- Given material:

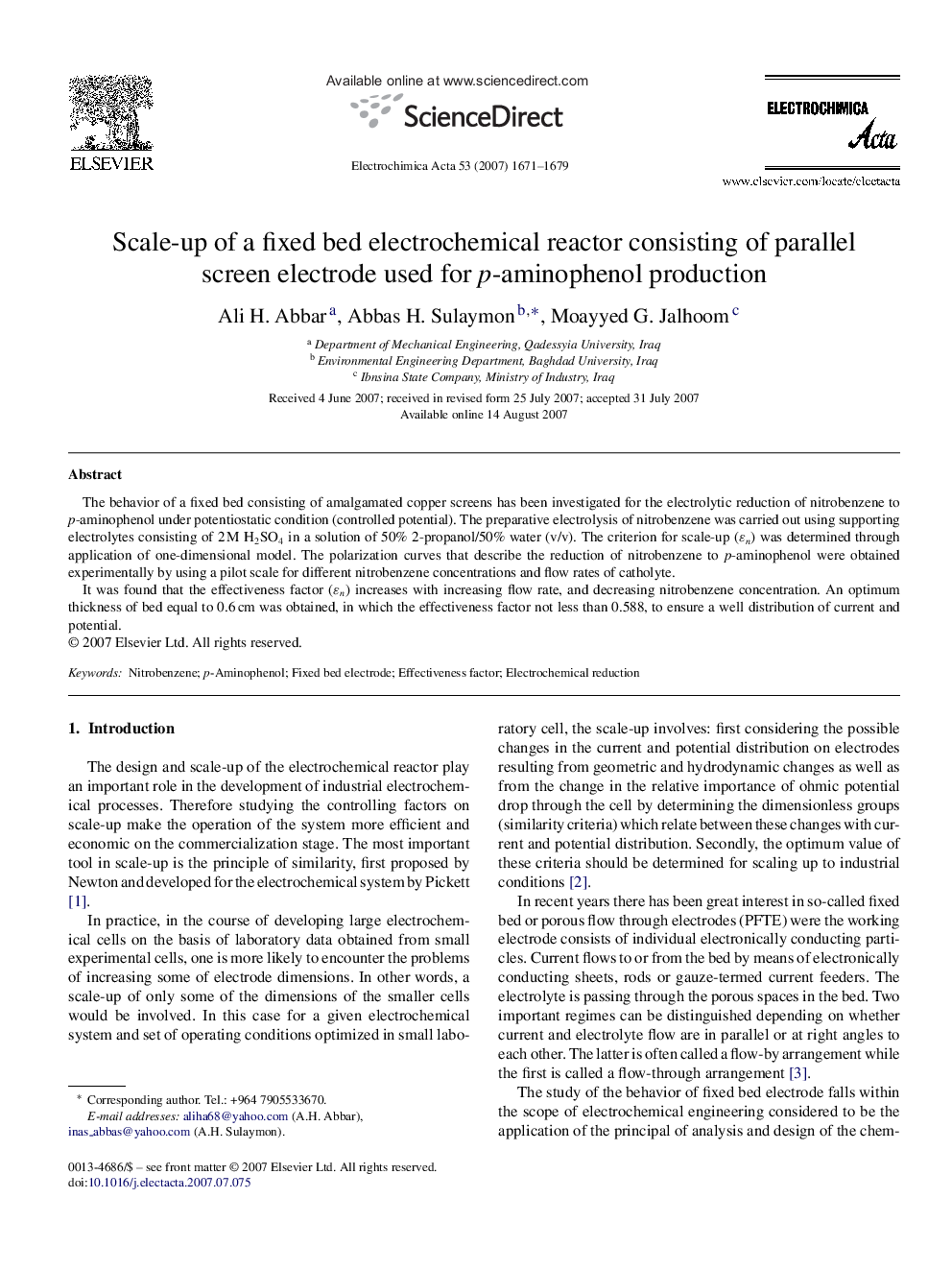 Scale-up of a fixed bed electrochemical reactor consisting of parallel screen electrode used for p-aminophenol production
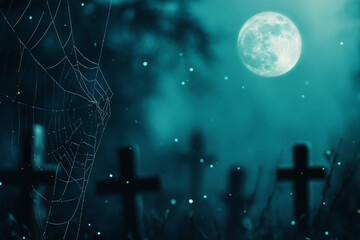 Graveyard cross under full moon with spider web and bokeh effect, background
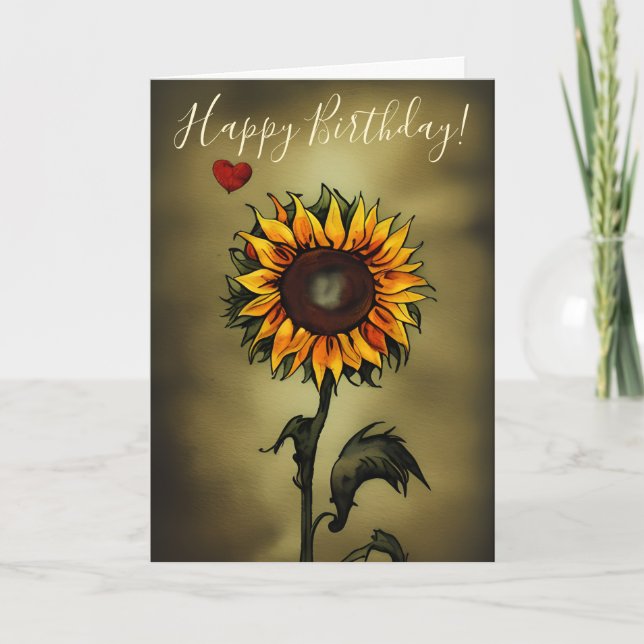 Aquarell Sonnenblumen Liebe Blume Geburtstag Karte (Vorderseite)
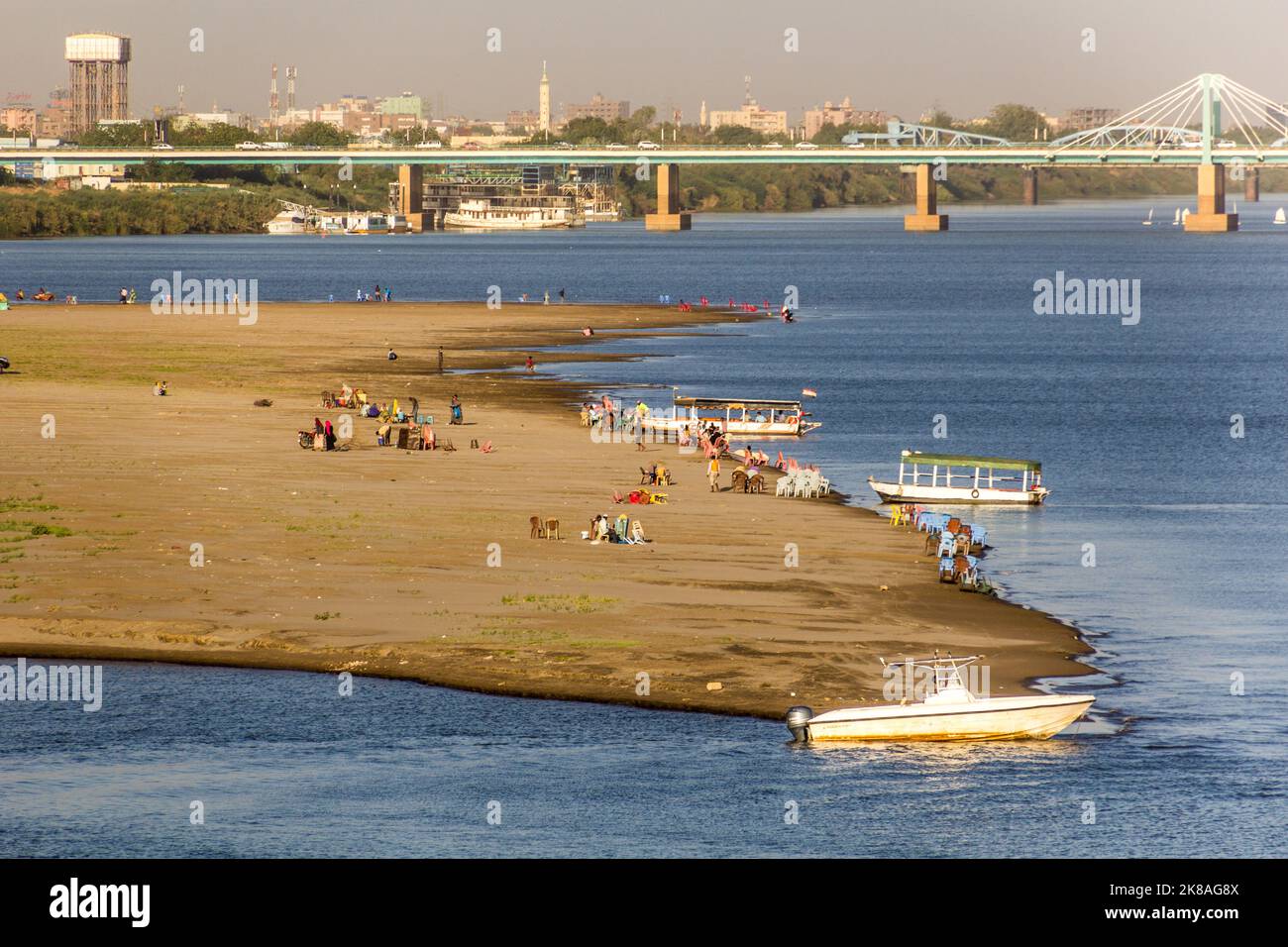 KHARTOUM, SUDAN - MARCH 7, 2019: People enjoy Tuti beach in Khartoum, capital of Sudan Stock Photo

- Exercise goal:
Copy out, with no pictures, the lines from the one containing "Graveyard cross under" through the last line of the data above, both ends included and each word unchanged.

- Answer to this task:
 Graveyard cross under full moon with spider web and bokeh effect, background
 Aquarell Sonnenblumen Liebe Blume Geburtstag Karte (Vorderseite)
 KHARTOUM, SUDAN - MARCH 7, 2019: People enjoy Tuti beach in Khartoum, capital of Sudan Stock Photo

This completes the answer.